Für Udo Jürgens galt das – so sagte er selbst sofort – vice versa. Als einen konkreten Grund dafür gab Hape Kerkling die Zivilcourage des Sängers an.
Wer sich diese CD bewusst vor diesem Hintergrund anhört, wird an das Thema Zivilcourage sehr oft erinnert. Was hat der 2014 verstorbene Künstler nicht alles an „heißen Eisen“ angepackt! „Griechischer Wein“, „Ein ehrenwertes Haus“, natürlich „Aber bitte mit Sahne“ … das war Kritik, oft genug richtig beißende Attacken, gegen Doppelmoral, gegen die, pardon, „Freßwelle“ im Lande, und dann hat er auch heikle Themen angepackt, ohne dabei satirisch zu werden. „Gaby wartet im Park“ etwa, die Schwierigkeit, ein treuer Ehemann zu bleiben, „Lieb Vaterland“, worin er explizit politisch wurde.

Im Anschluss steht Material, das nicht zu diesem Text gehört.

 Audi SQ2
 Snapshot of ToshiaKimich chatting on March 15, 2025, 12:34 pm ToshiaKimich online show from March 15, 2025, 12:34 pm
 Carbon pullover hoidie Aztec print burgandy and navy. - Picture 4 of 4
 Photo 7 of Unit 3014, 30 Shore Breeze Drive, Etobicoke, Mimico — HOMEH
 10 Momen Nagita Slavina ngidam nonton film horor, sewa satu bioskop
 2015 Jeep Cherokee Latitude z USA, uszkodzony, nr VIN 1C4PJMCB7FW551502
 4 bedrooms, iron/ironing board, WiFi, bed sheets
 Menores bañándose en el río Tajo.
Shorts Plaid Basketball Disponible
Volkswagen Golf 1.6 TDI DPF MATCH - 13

Betrachtet man die Jahreszahlen der Erstveröffentlichungen, so wird deutlich, welchen „Zündstoff“ er da auf den Plattenteller brachte. Tabus wurden gerne verschwiegen, noch lieber totgeschwiegen, die Multiplikatoren gegen ein solches Schweigen wie Internet oder die heutige Vielzahl an Fernsehkanälen und Radiosendern gab es noch nicht.

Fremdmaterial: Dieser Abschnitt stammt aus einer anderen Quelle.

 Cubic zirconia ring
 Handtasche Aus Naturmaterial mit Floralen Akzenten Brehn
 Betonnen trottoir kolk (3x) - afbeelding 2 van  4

Weniger bekannt ist sicher, dass Udo Jürgens sich auch in der internationalen Folkmusik bedient hat. „Cottonfields“ steht – gelungen – exemplarisch dafür, ebenso das humorige „Du trinkst zuviel“, das ein durchaus ernstes Thema verpackt – und das man, bei aller Variation des Originals, unschwer als Adaption der Dubliners („Seven Drunken Nights“) erkennt.

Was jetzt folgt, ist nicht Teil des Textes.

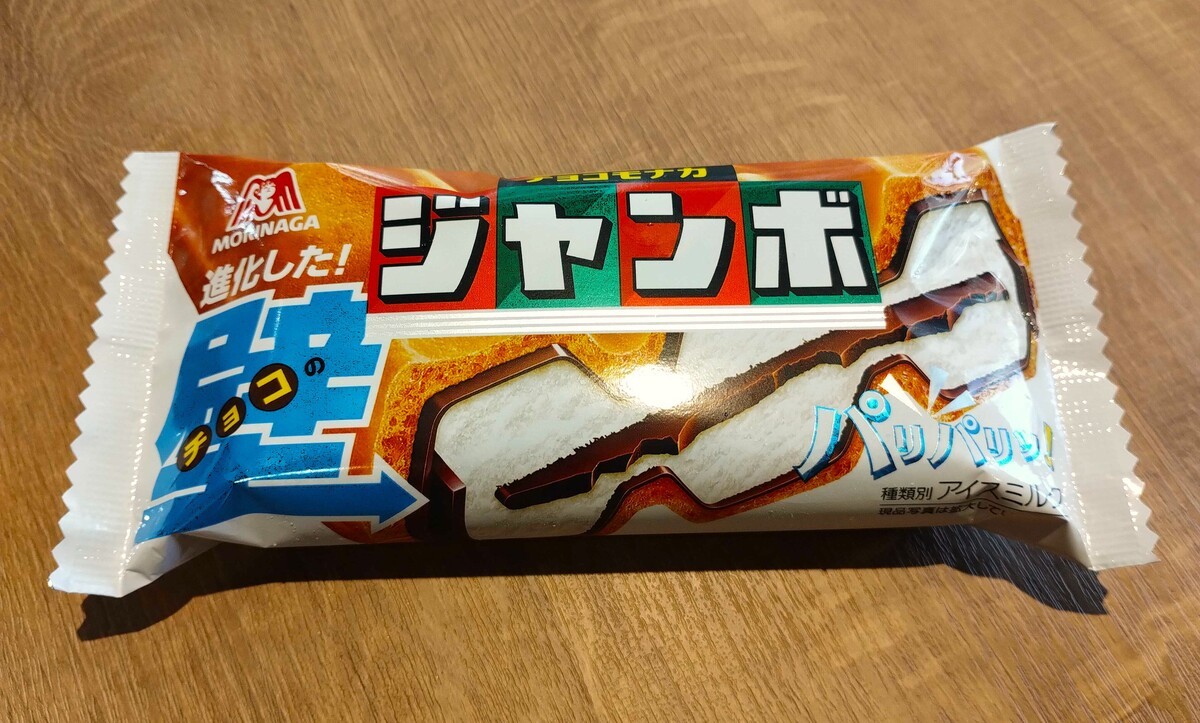 หนึ่งในไอศกรีมยอดนิยมจากร้านสะดวกซื้อที่นักท่องเที่ยวชื่นชอบ: Choco Monaka Jumbo (Morinaga)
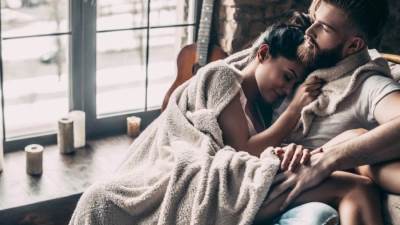 الحالة المزاجية والبرد.. للأحضان فوائد أخرى.. تعرف عليها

Manche von Jürgens‘ Titeln haben es längst in den allgemeinen Sprachgebrauch geschafft. Beste Beispiele: „Mit 66 Jahren“ und „Ich war noch niemals in New York“. Mit diesem Wissen wird beim Hören auch klar, dass viele der Titel anno 2019 nichts von ihrer damaligen Aktualität verloren haben.